___ RECORDED INFORMATION

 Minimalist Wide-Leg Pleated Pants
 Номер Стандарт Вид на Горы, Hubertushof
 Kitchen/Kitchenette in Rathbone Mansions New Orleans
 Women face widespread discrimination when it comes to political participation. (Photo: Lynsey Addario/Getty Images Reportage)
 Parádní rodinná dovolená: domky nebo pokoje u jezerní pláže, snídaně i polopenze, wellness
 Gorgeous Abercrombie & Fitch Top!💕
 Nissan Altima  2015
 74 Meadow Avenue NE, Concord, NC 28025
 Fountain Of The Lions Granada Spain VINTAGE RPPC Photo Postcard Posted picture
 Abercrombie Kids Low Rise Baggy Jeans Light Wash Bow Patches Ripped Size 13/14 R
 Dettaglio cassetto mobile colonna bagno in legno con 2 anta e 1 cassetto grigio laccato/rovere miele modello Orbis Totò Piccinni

______

Wherever the word "Photo" appears in the records above, copy that line.

# [ANSWER SPACE]
 Women face widespread discrimination when it comes to political participation. (Photo: Lynsey Addario/Getty Images Reportage)
 Fountain Of The Lions Granada Spain VINTAGE RPPC Photo Postcard Posted picture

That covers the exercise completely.